From travel businesses and funeral services to product safety, Rod Sims outlines the Australian Competition and Consumer Commission's focus areas this year.
Economics is, in essence, concerned with how we grow the “pie”, and how we divide the “pie”. The importance of the latter has, for a number of economists, waned in recent years, which is unfortunate. The ACCC does not directly target economic growth or inequality, but our work has important implications for both. For example, a lack of competition will see less investment, innovation and lower productivity. Unchallenged economic rents, of course, favour those who benefit from them at the cost of those who do not. These points are more important than ever with the continuing effect of and recovery from COVID-19.
The ACCC’s compliance and enforcement priorities include:
Pricing and selling practices of essential services
Combined with the lack of transparency in their pricing, these continue to be an area of concern. We have had to take a considerable number of enforcement actions in the electricity and telecommunications sectors. New prohibitions in the electricity market include a requirement that electricity retailers pass on to consumers the significant reductions in wholesale electricity costs we have seen over the past year. We are actively monitoring costs and retailers’ price responses — and asking certain retailers to justify their prices. Consumers saw their electricity prices rise enormously over many years; now they need to see them fall considerably. This is only fair.

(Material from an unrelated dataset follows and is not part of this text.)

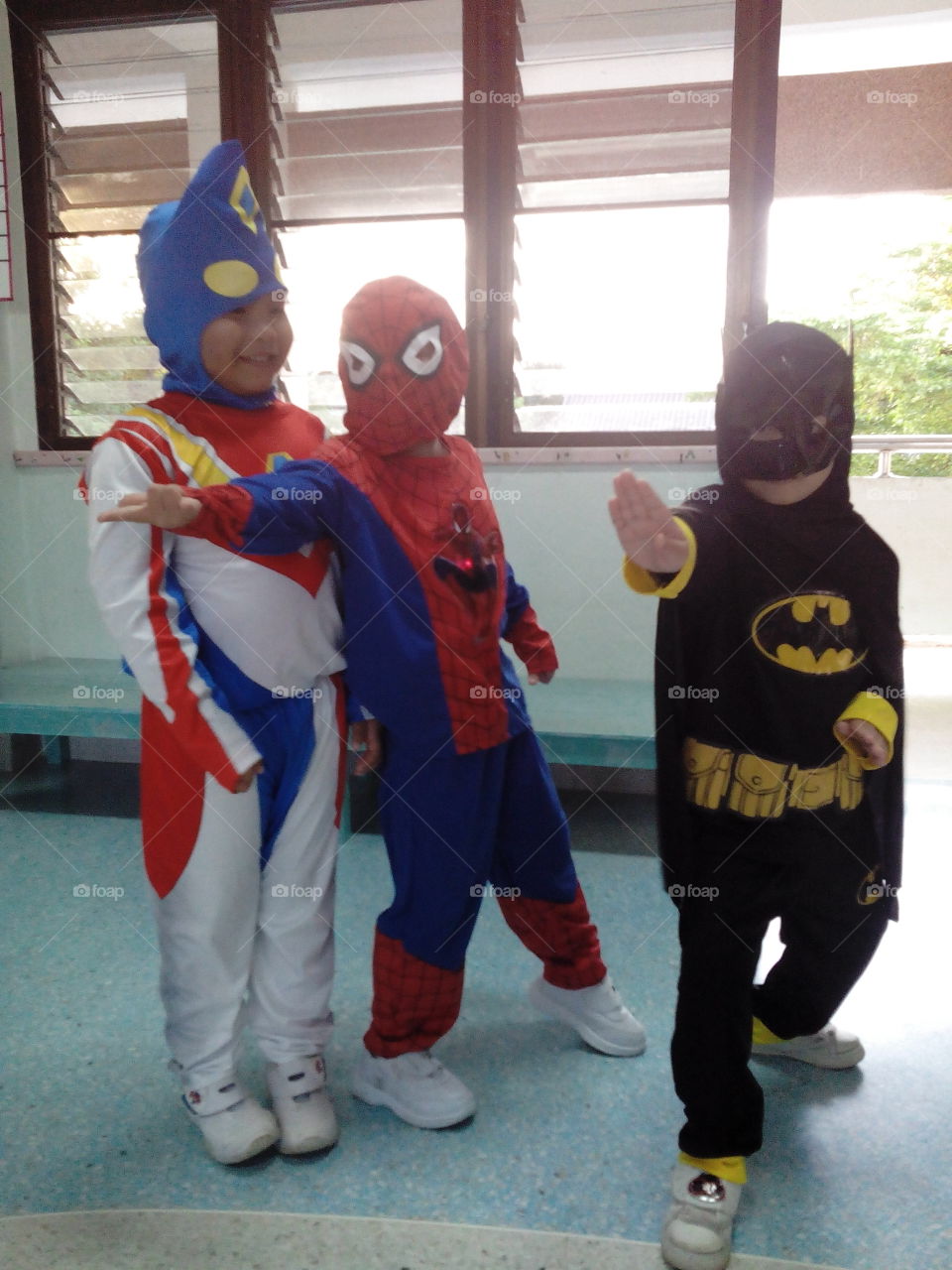 kids disguised as super heroes. Thitiwin an friend at school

The long-standing criticisms of funeral businesses, for their use of their significant market power to bundle services and block new entrants to the market, or to engage in unconscionable conduct, merits deeper examination this year, and we will take targeted action where appropriate.
The ACCC’s specialised enforcement team focused on commercial construction will forcefully continue its activities. There have already been a number of cases and more will follow this year.
We are following through on the recommendations from the ACCC’s home loan price inquiry final report, released by the Treasurer in December 2020. They included a prompt to alert borrowers to available prevailing rates, and lowering the administrative burden on consumers who wish to switch home loan providers. We also have some important investigations underway and will be announcing important enforcement outcomes over the next few months.
Given the additional support provided by the government to businesses and individuals through this COVID-19 period, we have not seen growth in debt collection issues. As we return to more normal funding levels, more people may find themselves in a vulnerable position and we will watch closely for signs of concerning behaviour.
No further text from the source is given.